Records contained in a dataset:

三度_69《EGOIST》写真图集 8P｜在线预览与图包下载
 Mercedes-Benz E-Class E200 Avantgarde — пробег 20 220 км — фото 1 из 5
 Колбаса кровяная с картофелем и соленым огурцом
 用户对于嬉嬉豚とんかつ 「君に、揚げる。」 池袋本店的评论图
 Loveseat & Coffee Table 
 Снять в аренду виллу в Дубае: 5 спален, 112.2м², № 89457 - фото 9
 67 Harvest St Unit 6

#### WORK ITEM:
Your answer must be the line holding "Mercedes-Benz E-Class E200" plus every later line to the end of the records, copied exactly.

#### EXERCISE SOLUTION:
 Mercedes-Benz E-Class E200 Avantgarde — пробег 20 220 км — фото 1 из 5
 Колбаса кровяная с картофелем и соленым огурцом
 用户对于嬉嬉豚とんかつ 「君に、揚げる。」 池袋本店的评论图
 Loveseat & Coffee Table 
 Снять в аренду виллу в Дубае: 5 спален, 112.2м², № 89457 - фото 9
 67 Harvest St Unit 6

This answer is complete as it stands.